━━━ Provided data ━━━

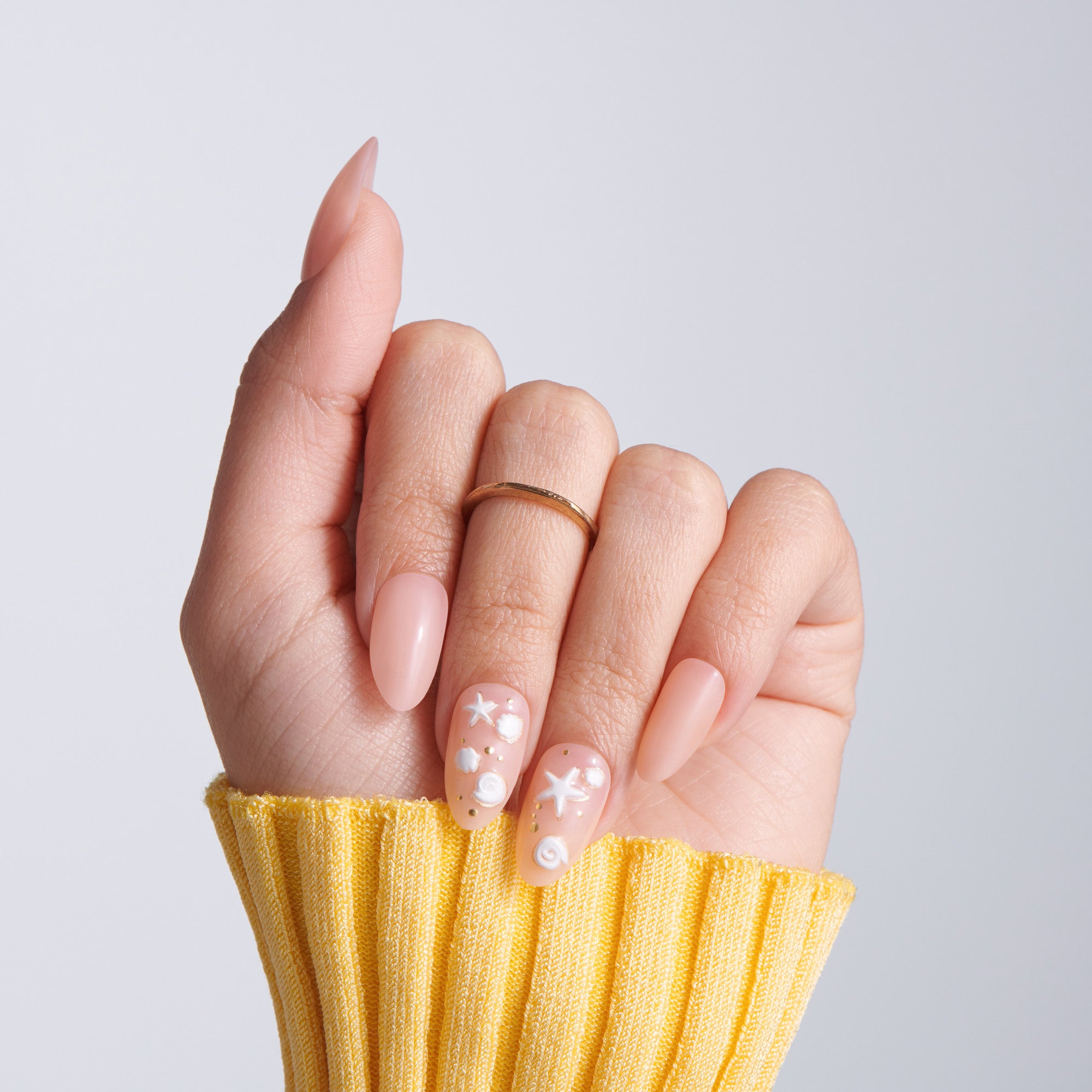 Kiss Glam Jeweled Press On Glue Nails - Shell Me More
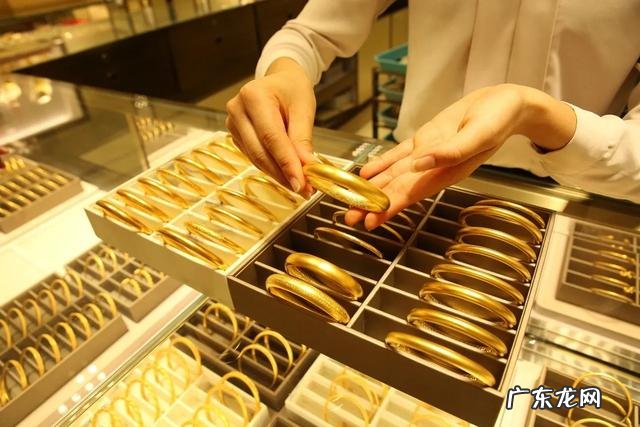 那些跳广场舞好几年的人,体重和肚子为什么还那么胖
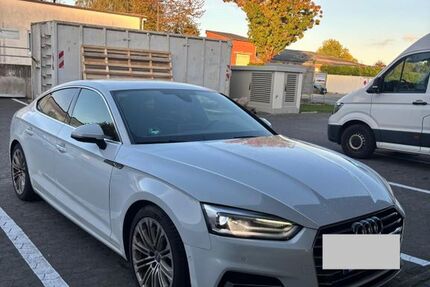 Audi A5 160.000 km 19.999 &euro; Paderborn 33100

━━━

An exact repetition of the listing is needed, with the pictures dropped.

Exercise result:
 Kiss Glam Jeweled Press On Glue Nails - Shell Me More
 那些跳广场舞好几年的人,体重和肚子为什么还那么胖
 Audi A5 160.000 km 19.999 &euro; Paderborn 33100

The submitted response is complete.